Collected material Block Start

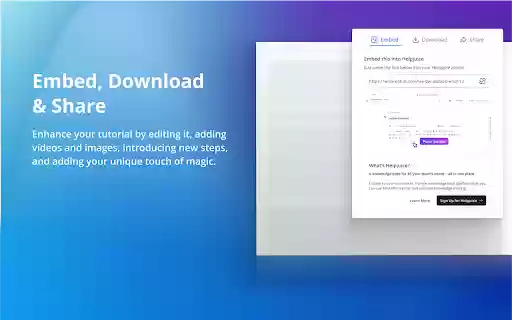 Wizardshot – Create SOPs, Documentation automatically using AI, for free.  from Chrome web store to be run with OffiDocs Chromium online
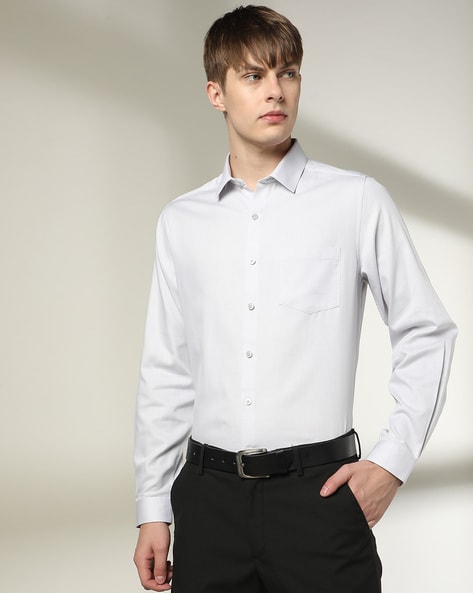 John Players Men Slim Fit Shirt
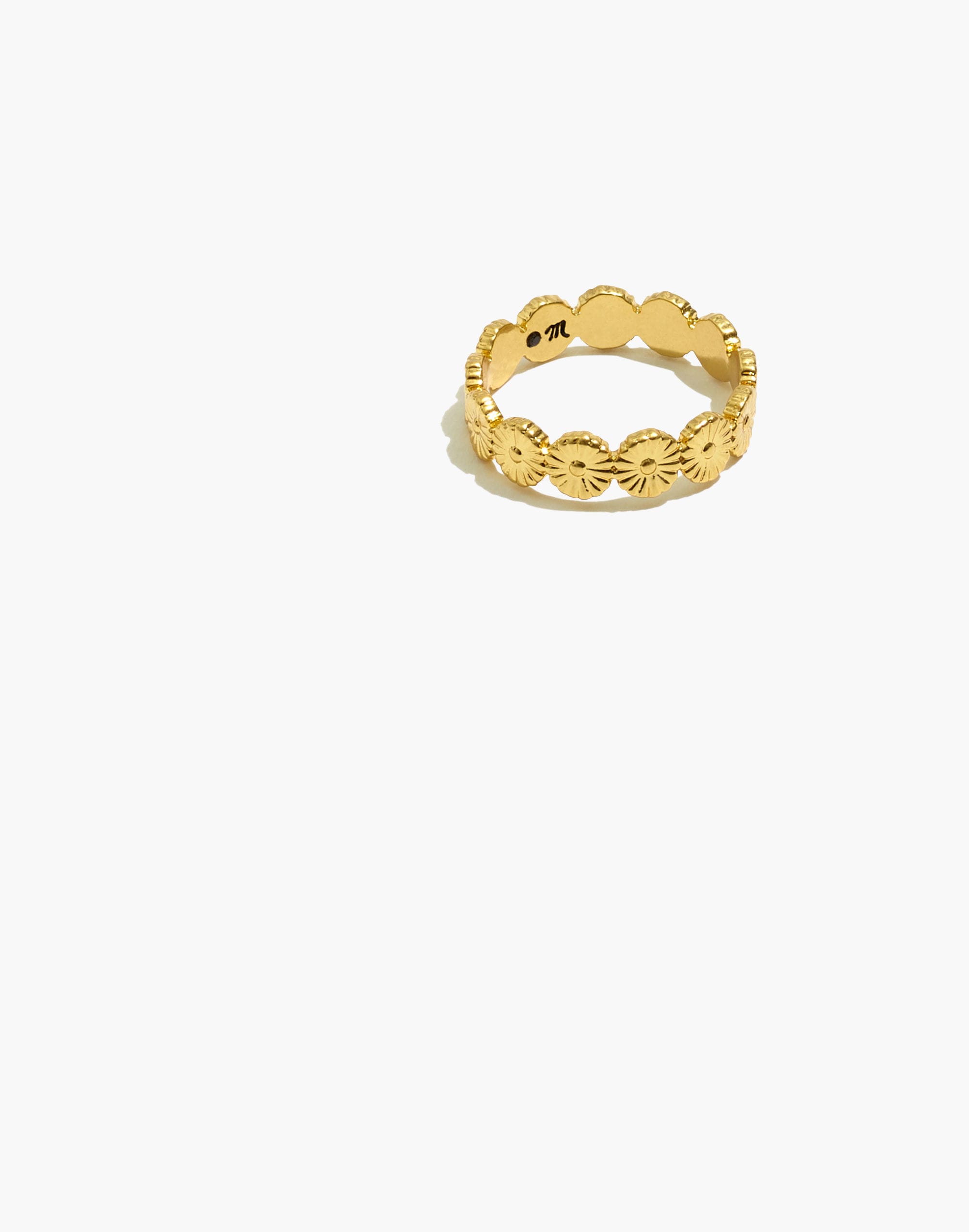 Delicate Daisy Ring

Collected material Block End

What needs to be done — Your reply should hold every line of the material, unaltered, and not one picture.

Written response —
 Wizardshot – Create SOPs, Documentation automatically using AI, for free.  from Chrome web store to be run with OffiDocs Chromium online
 John Players Men Slim Fit Shirt
 Delicate Daisy Ring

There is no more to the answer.